Crawled caption data
————

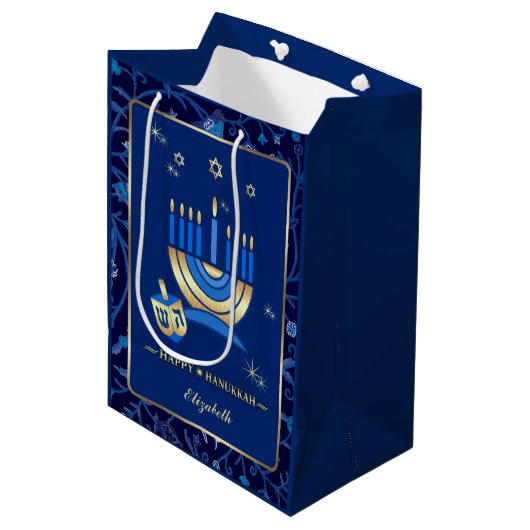 Sac Cadeau Moyen Menorah & Dreidels | Nom personnalisé Hanoukka (Devant Angle)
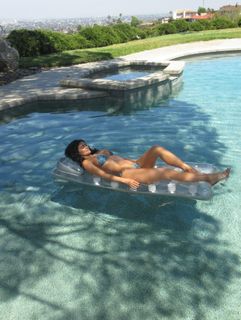 Kylie Jenner feet photo 13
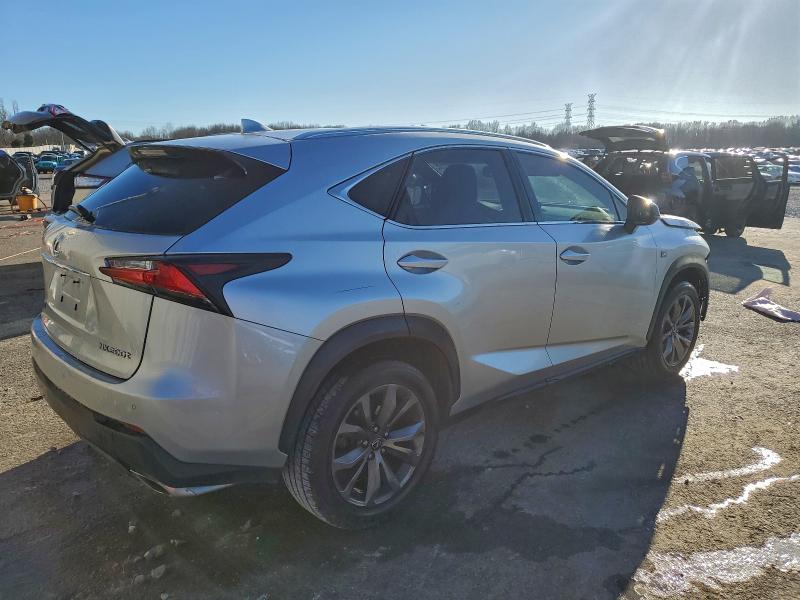 Фото 3 - LEXUS NX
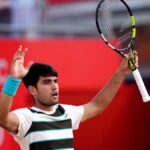 Alcaraz, victoria rápida para las semifinales de Queen's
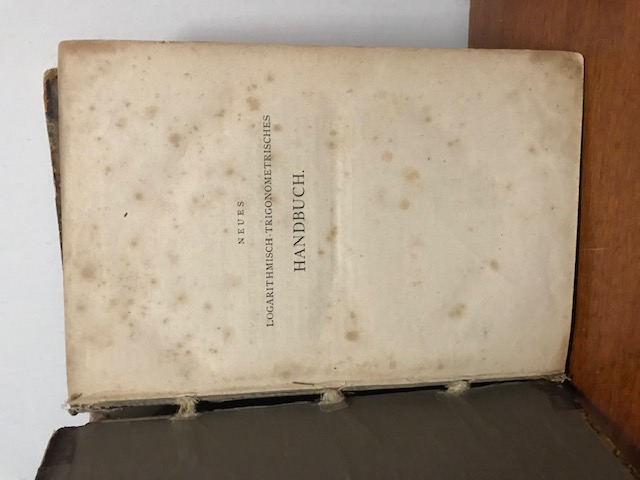 Neues logarithmisches Trigonometrisches Handbuch 1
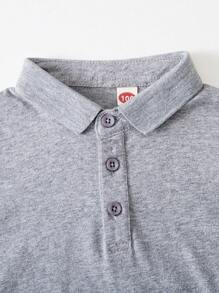 儿童短袖纯色T恤，时尚休闲Polo衫，男女童皆宜，校园风Polo衫，修身设计，弹力面料，凸显瘦削儿童的贴身效果，建议偏瘦儿童选择大一码，穿着更宽松舒适，适合休闲外出和聚会。 - 淺灰色 - 查看 4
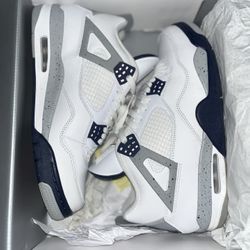 Jordan 4 “Midnight Navy”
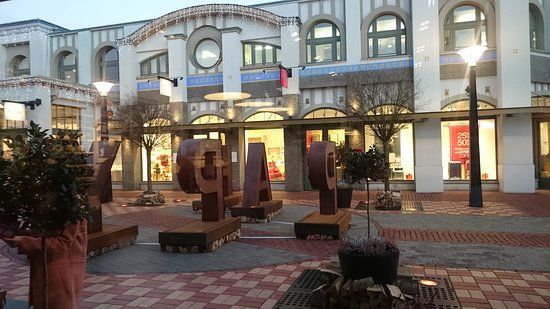 Ingolstadt Village Outlet Shopping
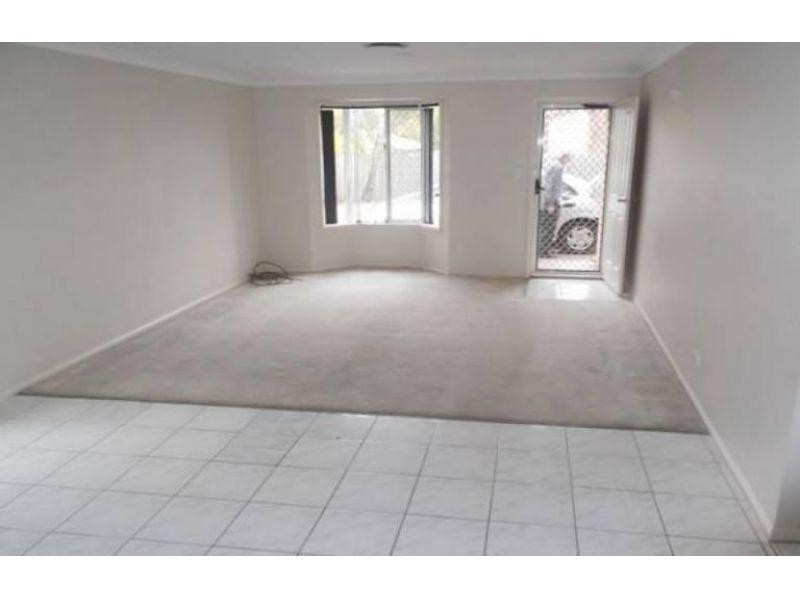 2/7 Clovelly Place, Labrador QLD 4215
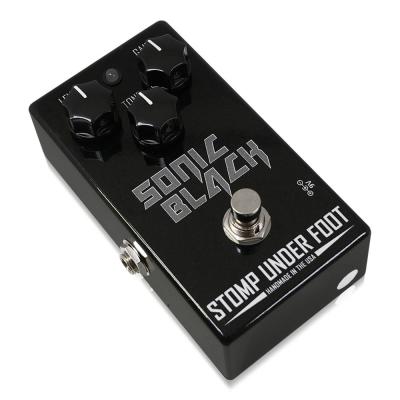 Stomp Under Foot ストンプアンダーフット SONIC BLACK ディストーション ギターエフェクター 斜めアングル画像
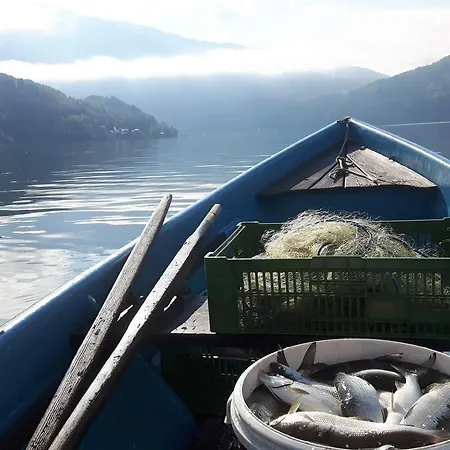 Ferienwohnungen Fischerhaus - Direkt Am See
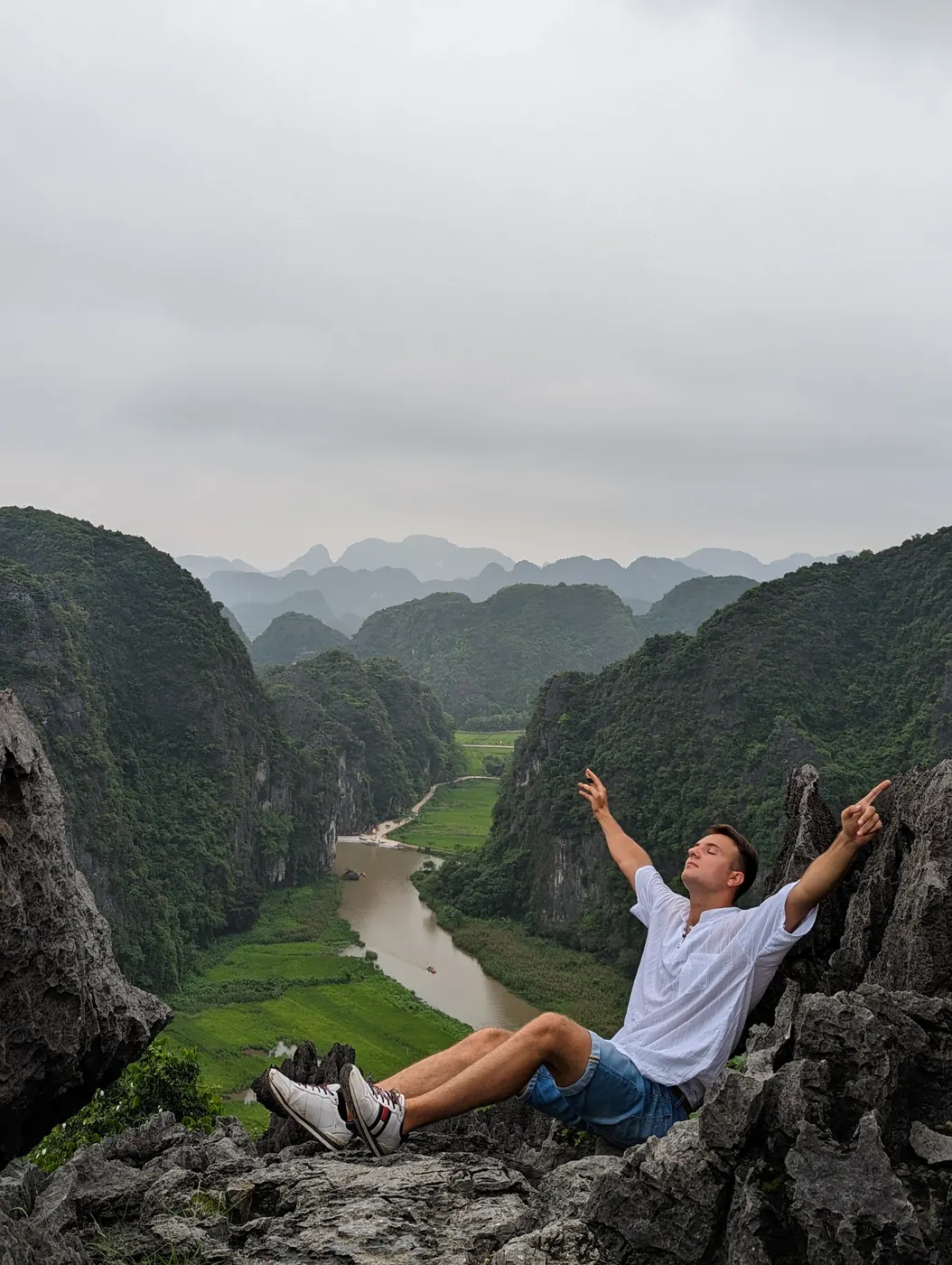 Vietnam, Ninh Binh · Mirador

————

Please repeat the records above exactly, omitting any pictures they contain.

Solution for this task:
 Sac Cadeau Moyen Menorah & Dreidels | Nom personnalisé Hanoukka (Devant Angle)
 Kylie Jenner feet photo 13
 Фото 3 - LEXUS NX
 Alcaraz, victoria rápida para las semifinales de Queen's
 Neues logarithmisches Trigonometrisches Handbuch 1
 儿童短袖纯色T恤，时尚休闲Polo衫，男女童皆宜，校园风Polo衫，修身设计，弹力面料，凸显瘦削儿童的贴身效果，建议偏瘦儿童选择大一码，穿着更宽松舒适，适合休闲外出和聚会。 - 淺灰色 - 查看 4
 Jordan 4 “Midnight Navy”
 Ingolstadt Village Outlet Shopping
 2/7 Clovelly Place, Labrador QLD 4215
 Stomp Under Foot ストンプアンダーフット SONIC BLACK ディストーション ギターエフェクター 斜めアングル画像
 Ferienwohnungen Fischerhaus - Direkt Am See
 Vietnam, Ninh Binh · Mirador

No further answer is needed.